The mayor’s office says the state of emergency is ongoing, and does not have a fixed end date. But to most Seattleites, the streets remain crowded. And a look behind the scenes reveals that the city’s outreach efforts have run up against some harsh realities. To start, data collection on outreach is a challenge, a point HSD concedes. Therefore, measuring impact is also a challenge. Between January 1 and June 17, more than 1,000 people have been contacted through outreach visits, but fewer than 100 accepted referrals to shelters or sanctioned homeless encampments—and of those, outreach workers didn’t necessarily walk them to the door.
Of the people approached, 461 were ineligible for shelter, including 93 due to substance use and 79 for issues related to mental health. Others cited having too many belongings or because they lived with family or pets. (Most shelters segregate people by sex, and few allow animals.) Seven hundred and seventy-two declined the offer of shelter because they’d had negative experiences with the shelter system, becasue they preferred to stick with friends or family, or due to privacy concerns.
“It’s cleaner out here,” explains Abdul Toumbo, a homeless veteran sitting on a cooler near Eighth Avenue and King Street near the tent where he has lived for roughly a year. “There aren’t any bedbugs … I can’t be around a lot of people, especially a lot of people that have mental issues too,” he adds, admitting that he has struggled with drug addiction. “I just can’t deal with the bickering and the stealing.”
Toumbo has connected with REACH, an outreach and case-management service that has received more support from the city under the state of emergency. He also says he’s been seeing more teams lately, and REACH is working with him to find permanent housing. But in a larger sense, Toumbo demonstrates the city’s need to address the underlying causes of homelessness—especially drug rehab, including his own—and how those needs will remain unaddressed by the city’s emergency efforts. While HSD does fund systemic work out of its normal operating budget, the emergency funding is largely dedicated to acute need.

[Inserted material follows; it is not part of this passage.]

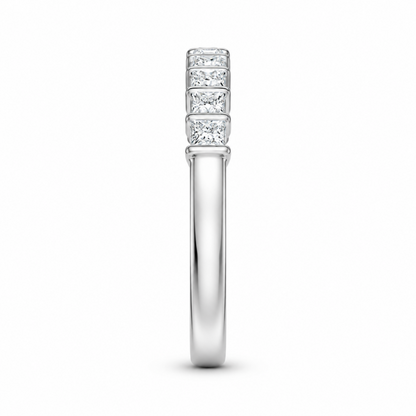 Side profile thickness view of white gold princess cut moissanite stacking band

From the beginning, Murray has said the city can’t solve these problems alone. Since the emergency declaration, President Obama has promised to add $1 billion to his next budget to fight the opioid epidemic, and another $5.5 billion in homeless assistance. The state legislature increased funding for homeless services last session, although far less than many had hoped. It’s progress, but there are still enormous gaps. And there is more Murray could do, if he so chose. By declaring a state of emergency, the mayor takes the reins of the police department. He won’t, but he could also theoretically call curfews, close businesses, shut off utilities, and ban the sale and possession of firearms in the city.
“I wish he was using more of the [emergency] order,” says former City Council member Nick Licata. As an example, he points to the mayor’s recent move to establish a 24-hour one-stop shop for the homeless—a replica of San Francisco’s Navigation Center. The mayor will issue a request for proposal (RFP), which is required under normal circumstances to give contractors an equal shot at getting the contract.
Licata says skip it. “Bring one or two people up from San Francisco … and get something up and running within two months,” he says. (Murray’s office rejected the idea in an e-mail, saying that circumventing the RFP process would deprive the city of options to choose from when designing a project.)
The declaration has sent the city into uncharted territory. When states of emergency were declared after the 2001 Nisqually earthquake and the 1999 WTO protests, they addressed acute needs with clear goals and end dates. Homelessness has proven more complex.
In January, two months after the emergency declaration, volunteers counted over 4,500 people living on the streets of King County, nearly 3,000 of them in Seattle. Already in 2016, 25 homeless people have died in King County, according to the Homelessness Remembrance Project, a network of homeless people. That’s more than all the homicides Seattle sees in a year.
All this puts Murray and the City Council in an awkward position. The mayor is using his executive powers only sparingly, to limited effect—yet ending the state of emergency would imply that the emergency has ended. Clearly, it hasn’t.